Em uma das fazendas, foi constatado, no curso de inquérito civil, o desmatamento 56,73 hectares em área de vegetação nativa. Assim, o proprietário deverá, a título de indenização ambiental, depositar R$ 57 mil na conta do Comitê Interinstitucional de Segurança de Aquidauana, fortalecendo as estruturas institucionais de segurança pública e promovendo melhorias que beneficiarão diretamente a comunidade local. Deste montante, R$ 40 mil será destinado a 1ª Delegacia de Polícia; R$ 9 mil para a Delegacia de Atendimento à Mulher e R$ 8 mil para o Núcleo de Perícias.
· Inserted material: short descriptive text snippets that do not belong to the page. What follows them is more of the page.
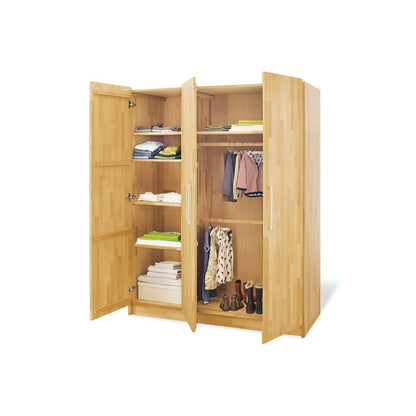 Garderobe "natuur" groot
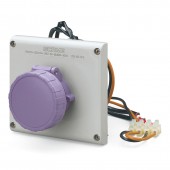 INTERLOCKED SOCKET 2P IP67 16A 20-25V AC SCAME 405.2420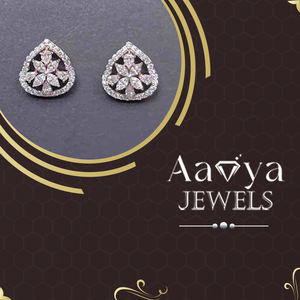 Boucles d'oreilles en diamant de luxe pour femmes, collection de bijoux fins à l'éclat brillant, acheter directement auprès d'un fournisseur indien de confiance - Product Image 3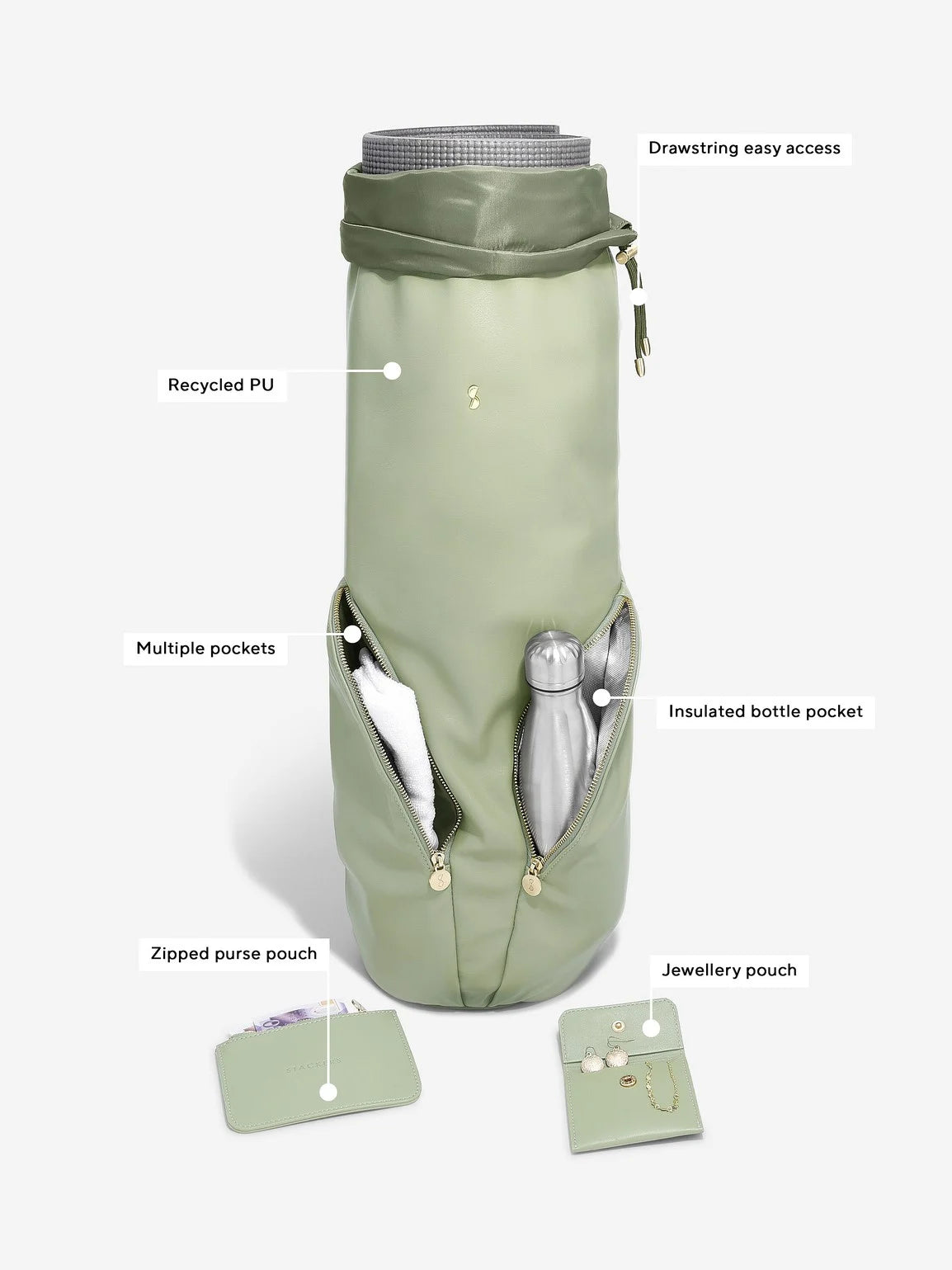Stackers Sac de Yoga Vert mousse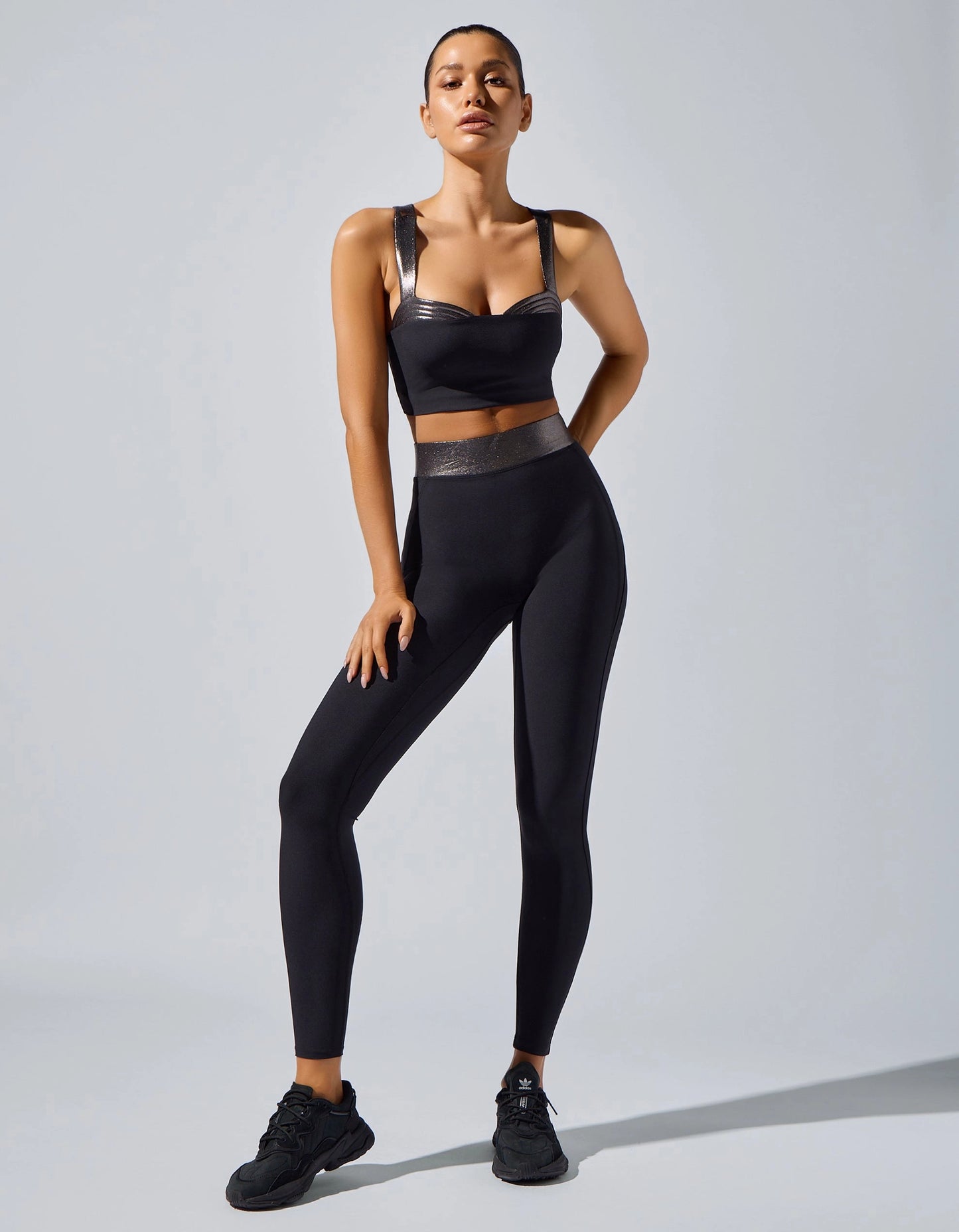 Lina Sports Leggings - Mona Kattan (Black)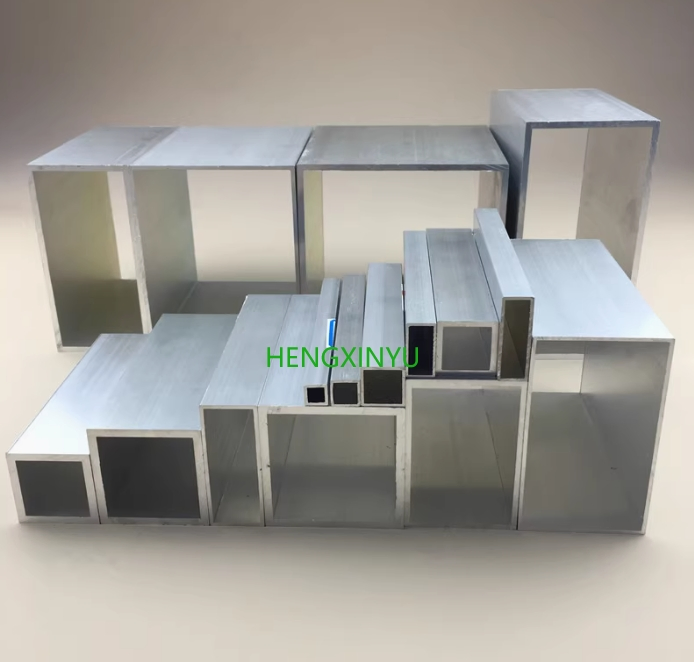 Aluminium Square Pipe ASTM 6061 6063 3003 100X100 50X50 Hollow Square Tube Precision Aluminum Alloy Tube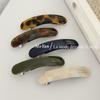 Korean Style Gold Label Acetate Baguette Barrette - Versatile & Cute Hair Clip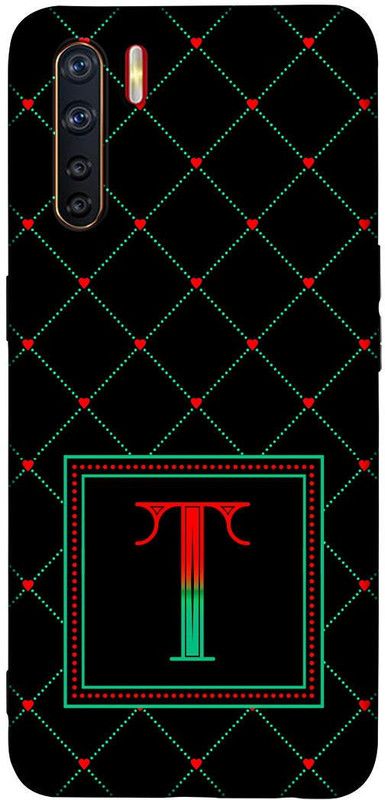 PrintWoodies Back Cover for Oppo A91  (Black)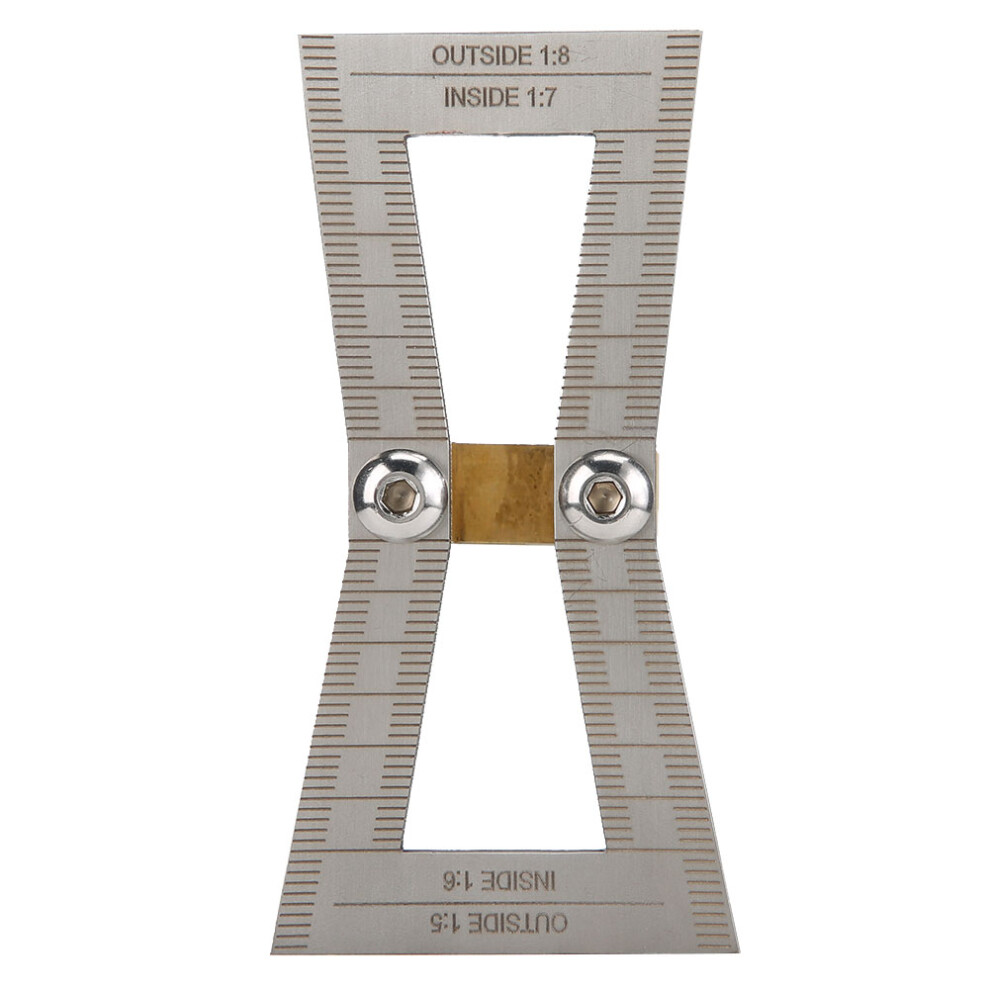 Precise Wood Dovetail Tools Stainless Steel Dovetail Jig Guide Accurate Scale Wide Application Sturdy And Durable For Woodworking Projects Humanized 9009879116431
Em outra propriedade, a supressão de 18,88 hectares de vegetação nativa, e construção de casa de alvenaria em uma Área de Preservação Permanente (APP) resultou na reversão de R$ 5 mil para o IPCTB – Instituto de Pesquisa e Conservação de Tamanduás no Brasil, também a título de indenização ambiental.
Na terceira fazenda, foram desmatados ilegalmente 1003,20 hectares em área de vegetação nativa. Por isso, os proprietários deverão aumentar em outros 1003,20 hectares a Área de Reserva Legal, medida que reflete o esforço conjunto em assegurar a preservação ambiental e a adequação da propriedade às normas de proteção do bioma local, contribuindo para a sustentabilidade e o equilíbrio ecológico da região. A ampliação da área deverá constar em retificação/complementação do CAR (Cadastro Ambiental Rural) do imóvel.
Todos os proprietários deverão, ainda, formalizar a apresentação do Projeto de Recuperação de Áreas Degradadas (PRADE), nos prazos estabelecidos nos Termos de Ajuste de Conduta, e ficam sujeitos à aplicação de multa e demais sanções legais, em caso de descumprimento de qualquer uma das cláusulas dos acordos pactuados com o MPMS.